Authors: Weihao Jiang; Wenli Xiao; Yuqing Yang (Shanghai Jiao Tong University); Peirui Cao (Nanjing University); Shizhen Zhao (Shanghai Jiao Tong University)
Scribe: Haodong Chen (Xiamen University)
Introduction
High-performance networks (HPNs) for large-scale AI training often aim to simultaneously provide three properties: in-order delivery (I), lossless transmission (L), and out-of-order capability (O). This paper shows that the coexistence of I, L, and O inevitably leads to a new form of deadlock called Orderlock: at the receiver, packets that arrive early must be buffered to preserve I and L, but once the reordering buffer is full and the critical packet has not yet arrived, the system enters self-blocking. This phenomenon can be triggered by a single flow and differs from PFC deadlocks (which rely on cyclic buffer dependency) and HoL blocking. The authors formally define the ILO theorem and demonstrate via simulations and testbed experiments that increasing buffer sizes or relying on recovery mechanisms cannot solve the problem in practice. They further compare several Orderlock-free designs and show that LO (orderless delivery) provides the best potential for AI collective communication.

Core Ideas and Contributions
The paper formally proposes the ILO theorem (I∧L∧O as the necessary condition for deadlock) and provides the sufficient condition: if the maximum out-of-order arrival (MOA) ≥ reordering buffer size, then Orderlock occurs. Orderlock can be triggered by a single flow under common packet-level load-balancing schemes.

Simply increasing the buffer cannot resolve the issue: in L∧O networks, pause propagation makes end-to-end latency unbounded, the BDP loses its validity as a buffer metric, and MOA follows a long-tail distribution that grows with flow size.

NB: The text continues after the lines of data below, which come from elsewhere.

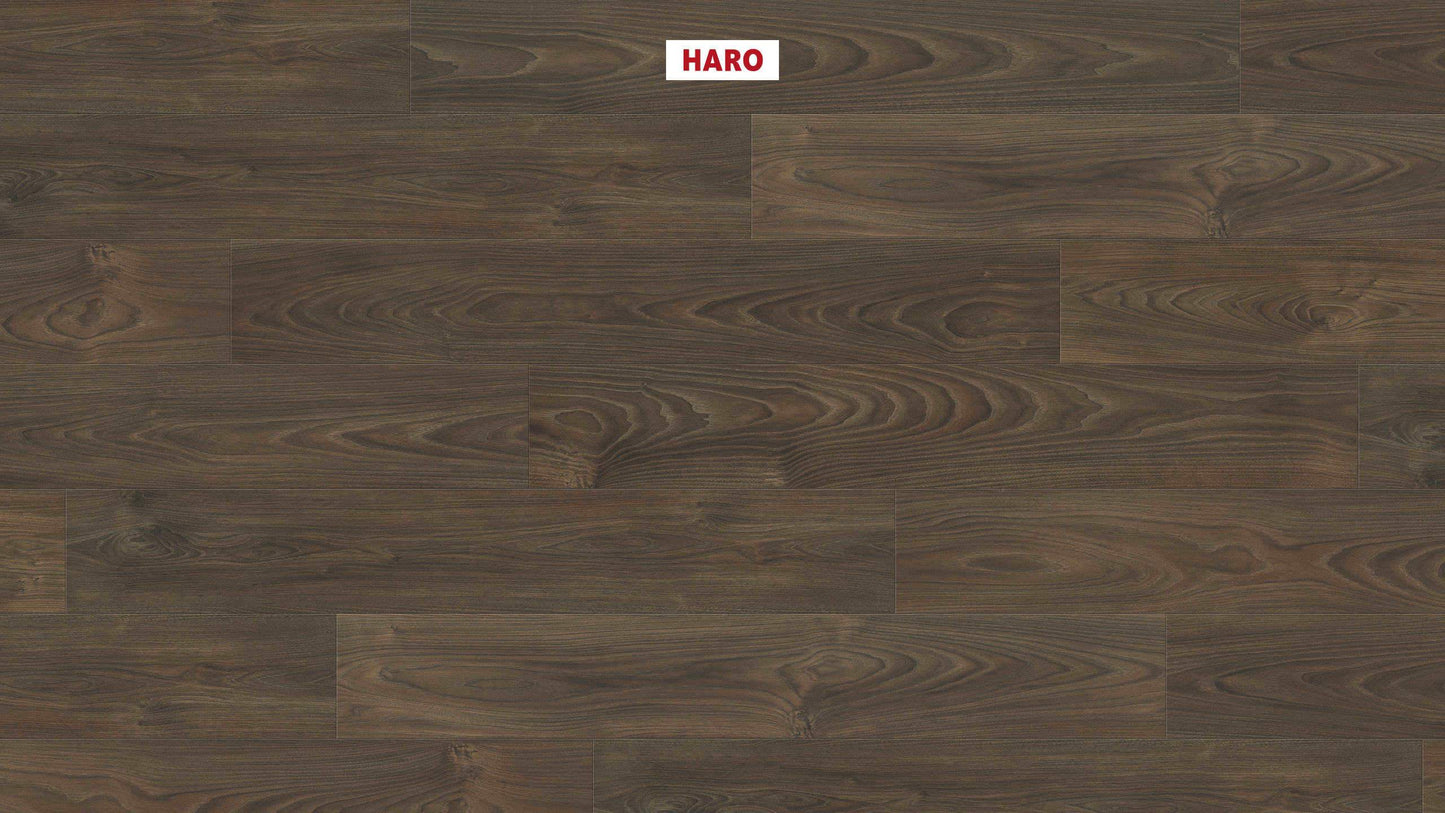 HARO Laminatboden TRITTY 100 Landhausdiele 4V Akazie Vario* authentic soft Top Connect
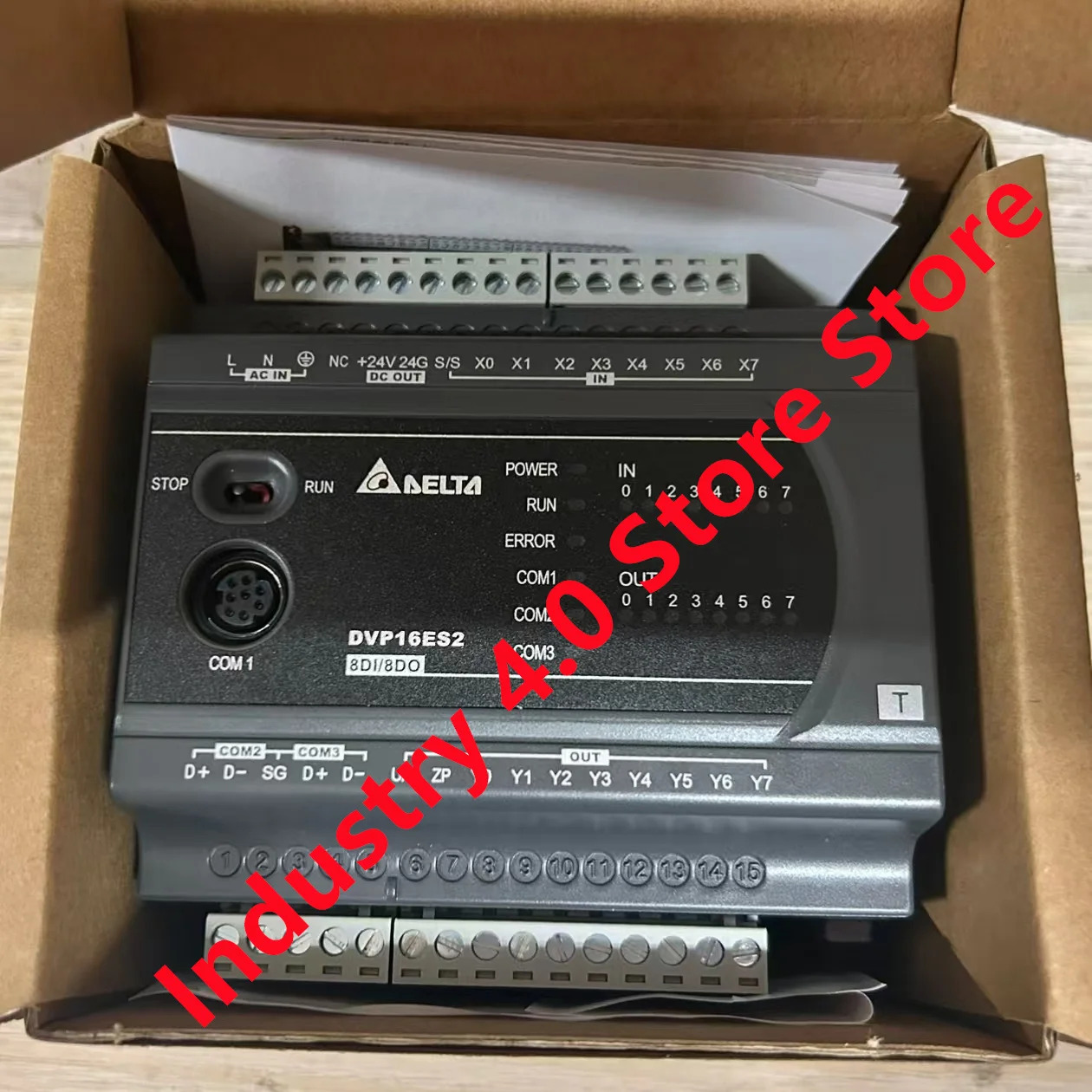델타 DVP16ES200T DVP16SM11N PLC 모듈 신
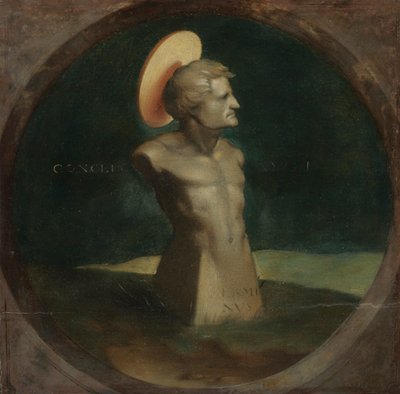 Terminus, il Dispositivo di Erasmo, c. 1532 da Hans Holbein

The authors argue that one of I/L/O must be broken to achieve Orderlock-free operation, and systematically compare four design paths—IL (limit reordering), IO (lossy with selective retransmission), LO (orderless delivery, reordering at the endpoint), and NDP/CBFC (header trimming or credit-based flow control). This framework allows practical trade-offs between performance, deployability, and resource overhead.

Evaluation
Orderlock Occurrence Frequency (Table 2 & Fig. 5)
In a 3-tier fat-tree with PFC enabled and CBD-free routing, packet-level load balancing (RPS/QDAPS/Adaptive) triggers Orderlock rapidly even for a single flow. Across 250/500/750 concurrent flows with 1000 trials each, occurrences reach RPS: 71/581/904; QDAPS: 253/673/915; Adaptive: 201/603/861. With reordering disabled (control), the count is 0, confirming high frequency and that it is distinct from PFC deadlocks.
Orderlock-free Protocol Comparison (Fig. 14)
For AI collectives (AllReduce/All-to-All), LO (orderless delivery) achieves the best overall performance. The paper reports up to 11.2× communication and 4.54× training improvement potential over off-the-shelf baselines. NDP/CBFC can approach LO when buffer ≈ BDP but limit concurrency; IO (SR) degrades under heavy reordering due to false retransmissions; IL (ECMP/Flowlet/ConWeave) offers limited tail-latency gains for low-entropy elephant flows.
Q&A
Q1: Have you analyzed in-network reordering, or did you only assume host-based reordering?
A1: Yes. Approaches such as SQR perform reordering inside switches, but they still rely on limited queues/buffers to hold early packets. Once the MOA exceeds this limit, Orderlock still occurs, even with in-network reordering.
Q2: If applications/algorithms can tolerate out-of-order execution (e.g., SGD still converges), could we relax the requirement for in-order delivery?
A2: This is indeed an insightful direction. Our work focuses on the network/protocol layer. At the application/system layer, relaxing order constraints (e.g., out-of-order aggregation or flexible execution) could reduce dependence on I. However, this requires modifications to training frameworks and consistency semantics, which is beyond the scope of this paper but worth future exploration.
Q3: Have you discussed with industry whether the three conditions (I, L, O) hold in practice?
A3: Our work is preliminary. Different companies make different trade-offs between deployment complexity and performance. The general consensus is that breaking one of I/L/O is the most pragmatic way to avoid Orderlock.
Personal Opinion
The paper makes a novel contribution by formally defining Orderlock and proving it can be frequently triggered even by a single flow under packet-level load balancing. However, achieving Orderlock-free operation on existing hardware remains challenging, as it requires new capabilities from both switches and NICs.